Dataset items

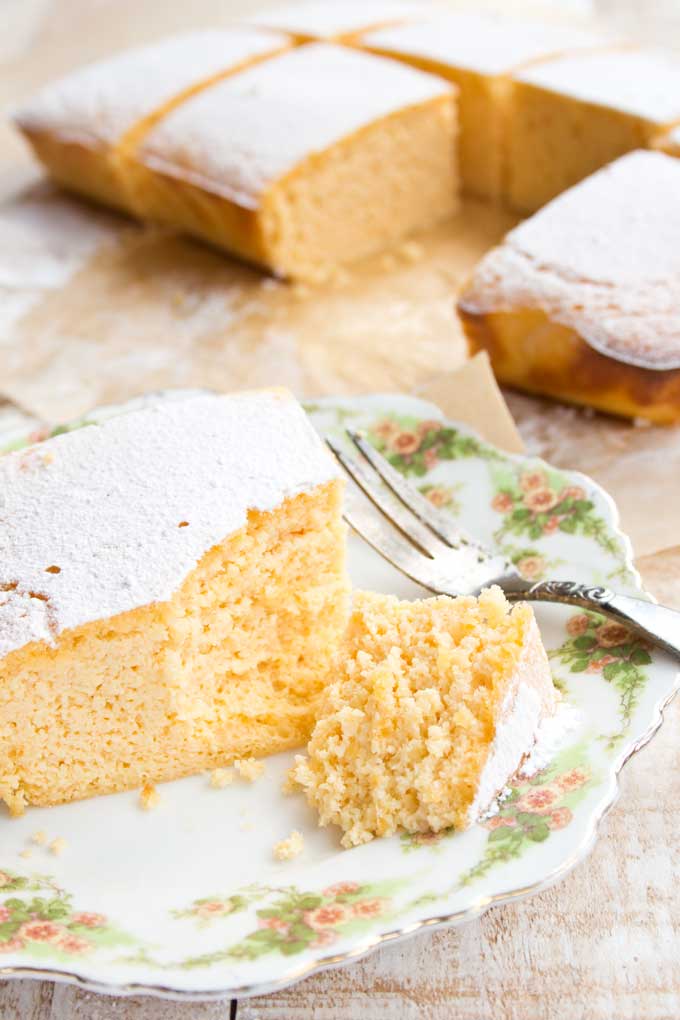 a Keto lemon bar slice on a plate with a fork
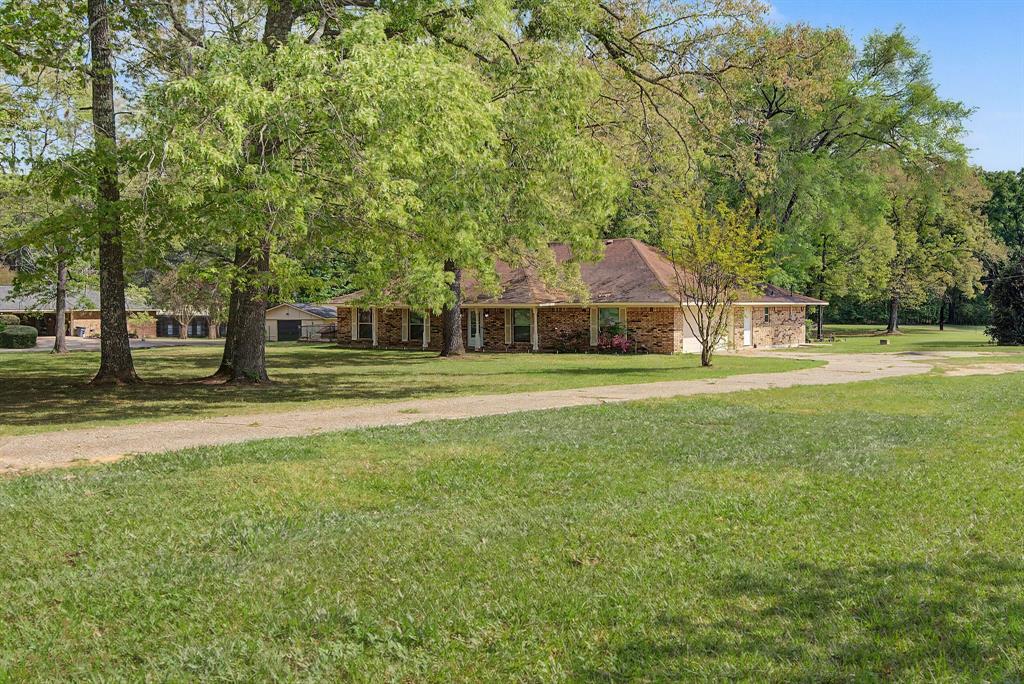 8849 Shirley Francis Road Shreveport, LA 71129 - Photo 1 of 1 a front view of a house with a yard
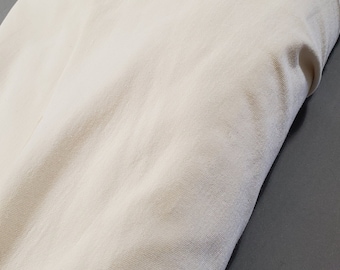 May include: A folded piece of off-white fabric on a gray surface.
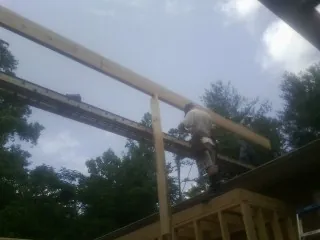 Carpenter setting a ridge beam over a new addition frame — Ice Dam Removal by Roofing Brothers in Forest Grove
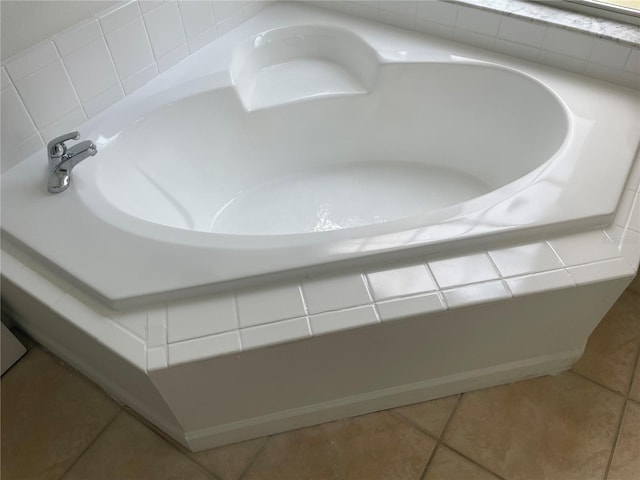 bathroom with tile patterned floors and a washtub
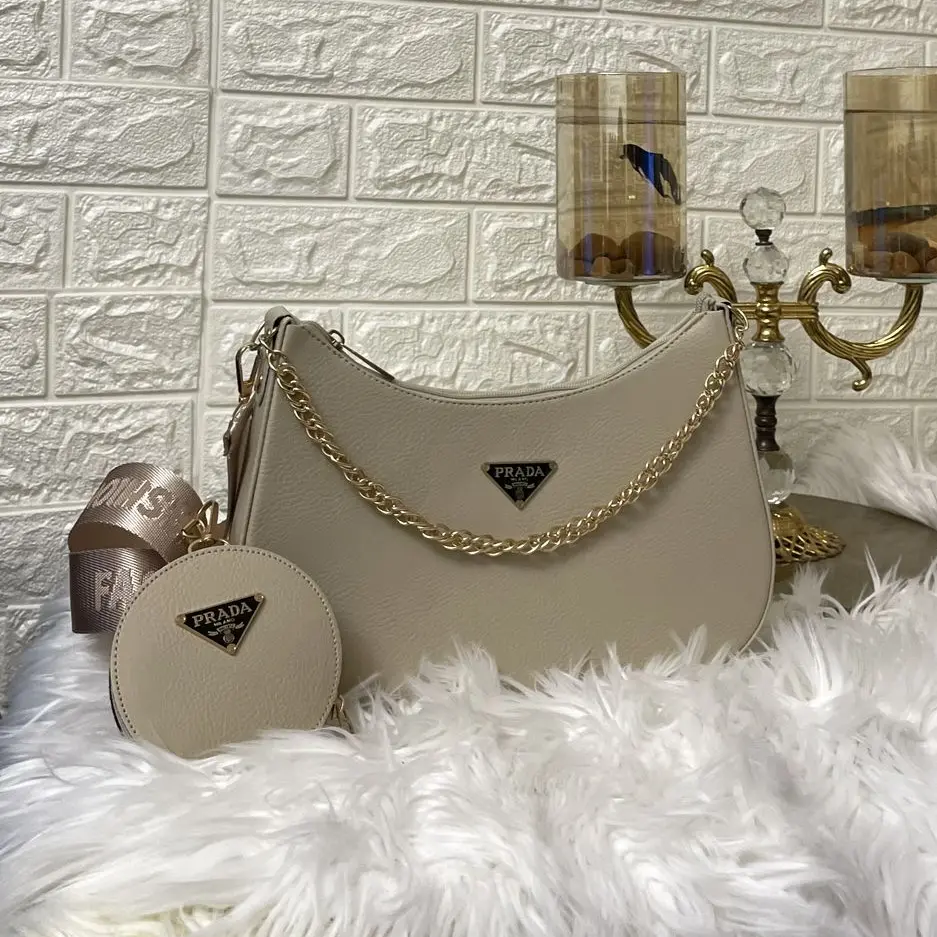 PRADA[اللمسة الذهبية]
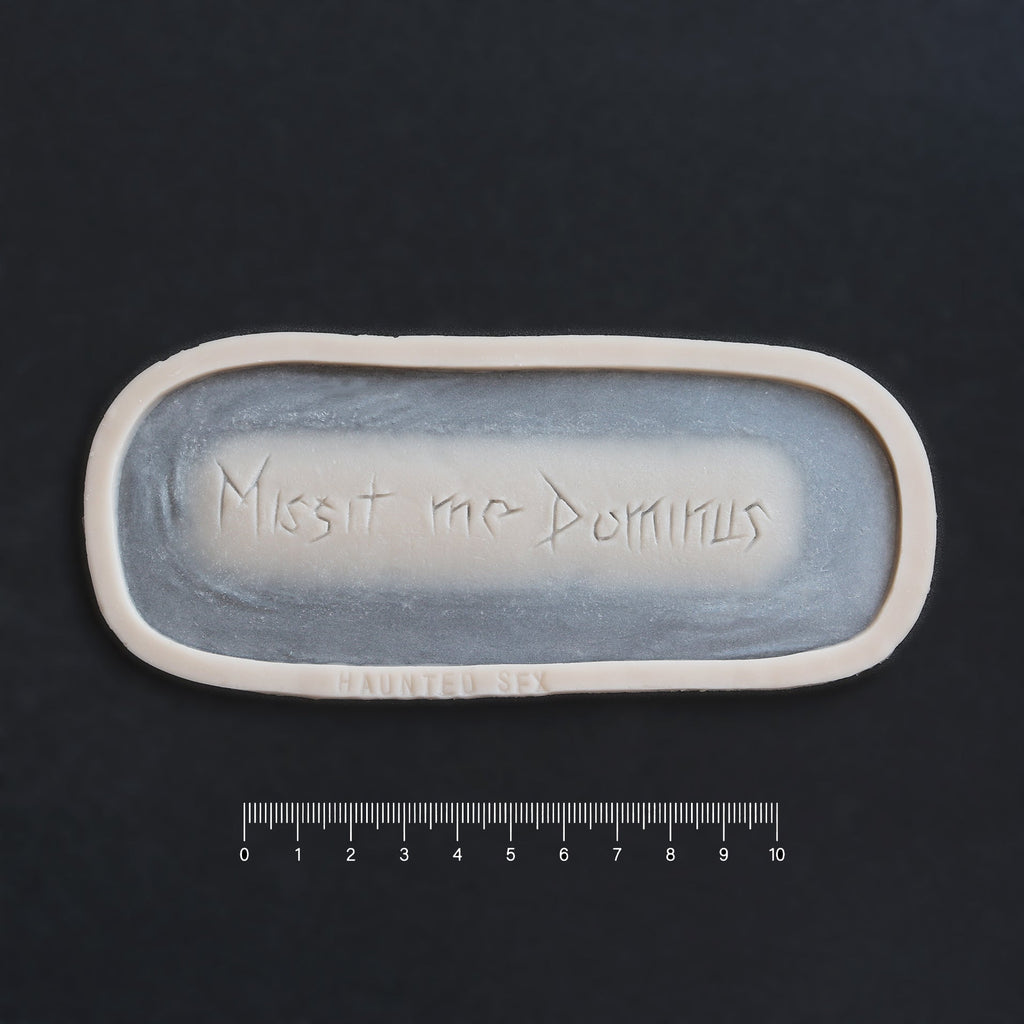 Missit Me Dominus Carving (The Lord Has Sent Me) - Silicone prosthetic in vanilla shade on a black surface with a ruler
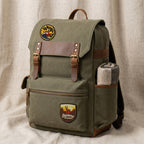 outdoor embroidered stick-on patches on a vintage canvas backpack with leather straps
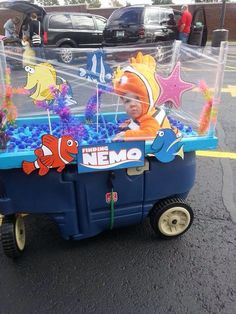 a child in an aquarium cart with fish and bubbles on the top, sitting outside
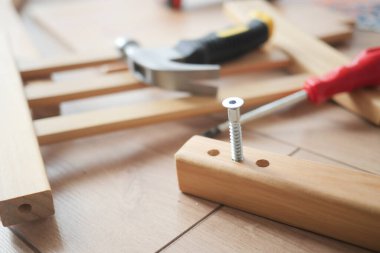 Çeşitli aletler montajı bekleyen ahşap mobilya parçalarının yanında yatıyor.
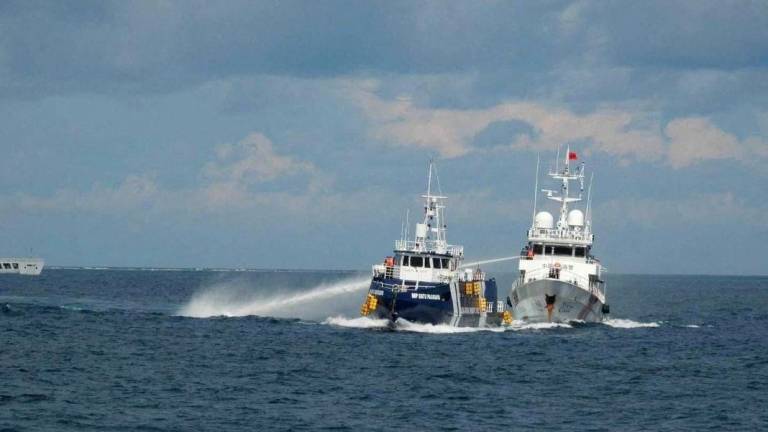 A China Coast Guard vessel 21559 uses a water cannon against Philippines Bureau of Fisheries and Aquatic Resources ship BRP Datu Pagbuaya in the South China Sea, in this handout image released by the Philippine Coast Guard on October 12, 2025. - Philippine Coast Guard/Handout via REUTERSPIX
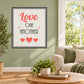 Square printed die-cut wall decal with 'Love One Another' typography and red hearts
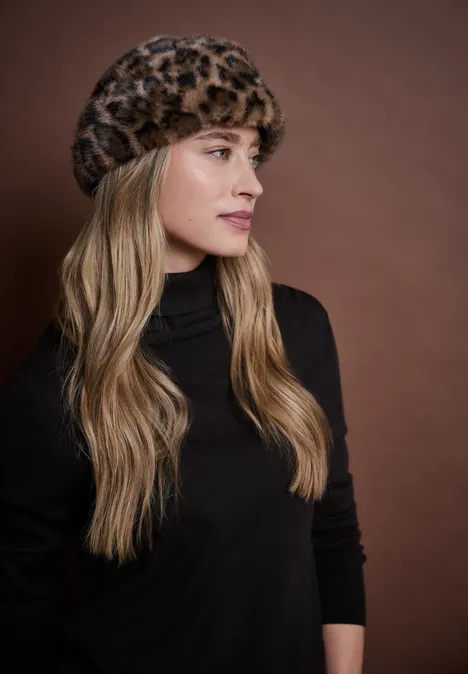 Beanie van imitatiebont met luipaardprint Black Frau mit langen blonden Haaren trägt einen Leopardenfellhut und schwarzen Rollkragenpulli vor braunem Hintergrund.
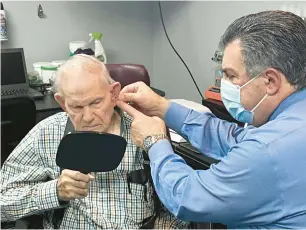  ?? ?? Moseley watches Dr. Peter Sotiropoul­os demonstrat­e how to put in his new hearing aid this month in Steger. Moseley, a regular on area dance floors, had stopped coming out after his old hearing aid stopped working.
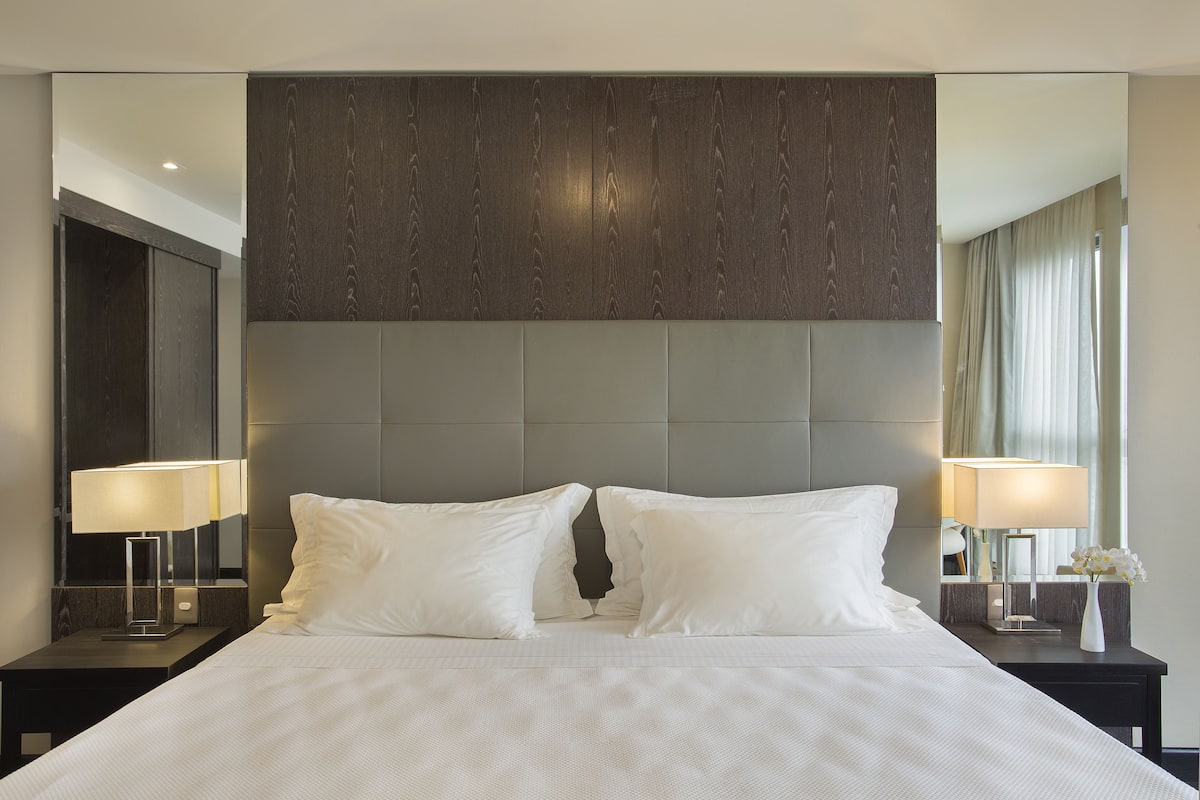 Een moderne hotelkamer met een groot bed, twee nachtkastjes met lampen, een grote spiegel en een hoofdeinde van donker hout.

● Task item:
All of the records should be set down exactly, minus the pictures they hold.

● Response below:
 a Keto lemon bar slice on a plate with a fork
 8849 Shirley Francis Road Shreveport, LA 71129 - Photo 1 of 1 a front view of a house with a yard
 May include: A folded piece of off-white fabric on a gray surface.
 Carpenter setting a ridge beam over a new addition frame — Ice Dam Removal by Roofing Brothers in Forest Grove
 bathroom with tile patterned floors and a washtub
 PRADA[اللمسة الذهبية]
 Missit Me Dominus Carving (The Lord Has Sent Me) - Silicone prosthetic in vanilla shade on a black surface with a ruler
 outdoor embroidered stick-on patches on a vintage canvas backpack with leather straps
 a child in an aquarium cart with fish and bubbles on the top, sitting outside
 Çeşitli aletler montajı bekleyen ahşap mobilya parçalarının yanında yatıyor.
 A China Coast Guard vessel 21559 uses a water cannon against Philippines Bureau of Fisheries and Aquatic Resources ship BRP Datu Pagbuaya in the South China Sea, in this handout image released by the Philippine Coast Guard on October 12, 2025. - Philippine Coast Guard/Handout via REUTERSPIX
 Square printed die-cut wall decal with 'Love One Another' typography and red hearts
 Beanie van imitatiebont met luipaardprint Black Frau mit langen blonden Haaren trägt einen Leopardenfellhut und schwarzen Rollkragenpulli vor braunem Hintergrund.
  ?? ?? Moseley watches Dr. Peter Sotiropoul­os demonstrat­e how to put in his new hearing aid this month in Steger. Moseley, a regular on area dance floors, had stopped coming out after his old hearing aid stopped working.
 Een moderne hotelkamer met een groot bed, twee nachtkastjes met lampen, een grote spiegel en een hoofdeinde van donker hout.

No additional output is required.